At the Paris Salon in 1866, Tissot was elected hors concours: from then on, he could exhibit any painting he wished at the annual Salon without first submitting his work to the jury’s scrutiny. The price for his pictures skyrocketed. At 30, he decided to purchase property on the most prestigious new thoroughfare in Paris, the avenue de l’Impèratrice (Empress Avenue, now avenue Foch). By late 1867 or early 1868, Tissot was living in grand style in his luxurious new villa.

In 1868, Tissot was commissioned to paint the most lucrative and elaborate painting of his career, a group portrait of “The Circle of the Rue Royale, an exclusive private club whose twelve members each paid 1,000 francs toward the painting.

In 1869, at the top of his game depicting the leisured and refined life of the Second Empire, Tissot began contributing wicked political caricatures to London’s newest Society journal, the subversive Vanity Fair, founded by Thomas Gibson Bowles (1842-1922). Tissot’s first subject was Napoléon III, whom he skewered.

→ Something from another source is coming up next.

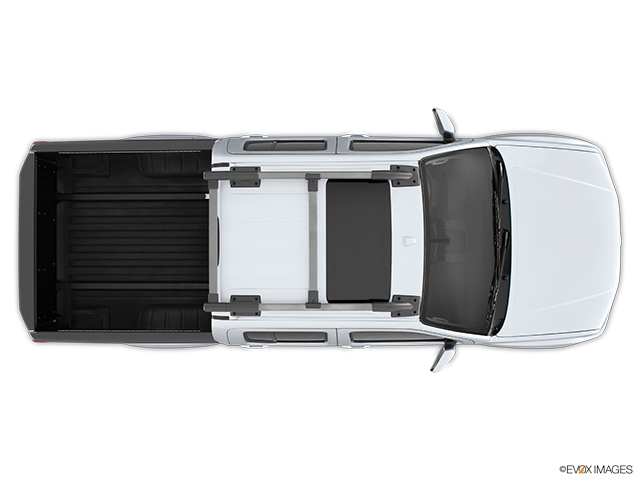 2015 Nissan Frontier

When the Second Empire collapsed on September 2, 1870, Tissot’s charmed life in Paris ended. He became a sharpshooter, defending Paris in an elite unit, the Éclaireurs (Scouts) of the Seine. In the aftermath of the Franco-Prussian War — the bloody Commune in mid-1871 — James Tissot fled Paris with 100 francs to his name, establishing himself in the competitive London art market by catering to the British taste. By 1873, he bought the lease on a spacious villa in St. John’s Wood, soon building an extension with a studio and huge conservatory.

Tissot had ceased to exhibit his work in the Salon in 1870 and declined Degas’s exhortation to show his work in Paris with the independent group of French artists who organized their first of eight exhibitions in Paris in 1874 and who soon became known as Impressionists. From 1872 to 1875, Tissot exhibited his work only at the Royal Academy, with works such as The Ball on Shipboard (1874). He generated a great deal of income selling prints of his paintings as well as watercolor replicas. By 1876, he had earned great wealth and lived in relative seclusion for six years with his mistress and muse, young divorcée Kathleen Irene Ashburnham Kelly Newton (1854-1882).

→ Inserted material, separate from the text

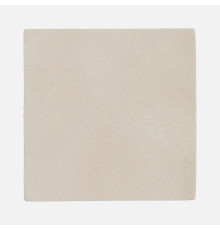 Лейбл Listra Nubuck Touch, L, бежевый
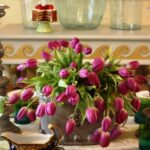 Tasteful-Decorating-Ideas-For-Your-Festive-Easter-Table-31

From 1877 to 1879, Tissot exhibited his work only at the new Grosvenor Gallery, an invitation-only alternative to the Royal Academy, where artists could showcase as many works as they wished in the palatial edifice in New Bond Street. Kathleen Newton posed for several works Tissot exhibited there, including Evening (1878) and The Hammock (1879).

When Mrs. Newton died of tuberculosis in late 1882, at age 28, Tissot abandoned his St. John’s Wood home and returned to Paris, selling his London house the next year to Dutch-born painter Lawrence Alma-Tadema (1836 ñ 1912).

Tissot exerted himself to re-establish his reputation in Paris with a series of fifteen large-scale pictures called La Femme de Paris (The Parisian Woman). Painted between 1883 and 1885, they portrayed the fashionable parisienne in various incarnations using brighter, modern colors than he had in his previous work, but they were poorly received. Tissot then supposedly dedicated the remainder of his life solely to illustrating the Bible, even making repeated research trips to the Holy Land in 1886-87, 1888 and 1889. His series of 365 gouache illustrations for the Life of Christ were shown to enthusiastic crowds in Paris (1894 and 1895), London (1896) and New York (1898) after which they toured North America until 1900. They were published in 1896-97 and in several later editions. However, during this time, Tissot also executed about forty portraits of aristocratic women and other beautiful Society figures in sumptuous Belle Époque settings from the mid-1880s to the early 1890s, most often using pastels.

James Tissot died in 1902, at age 66, extremely wealthy and renowned for what was considered his great masterpiece, The Life of Christ illustrations. In his obituary in The Evening Post, Tissot was compared to William Blake, though “uniting as Blake never did, and as no other prominent artist has done, the mystical and ideal with an intense realism.”

The Victorian Web is a vast resource on literature, history and culture in the age of Victoria.

My thanks to The Victorian Web‘s Editor-in-Chief and Webmaster, George Landow, and to Associate Editor Jackie Banerjee

Bibliography

Johnson, E. D. H. “Victorian Artists and the Urban Milieu. The Victorian City: Images and Realities. H. J. Dyos and Michael Wolff. London: Routledge and Kegan Paul, 1973. Pp. 449-74.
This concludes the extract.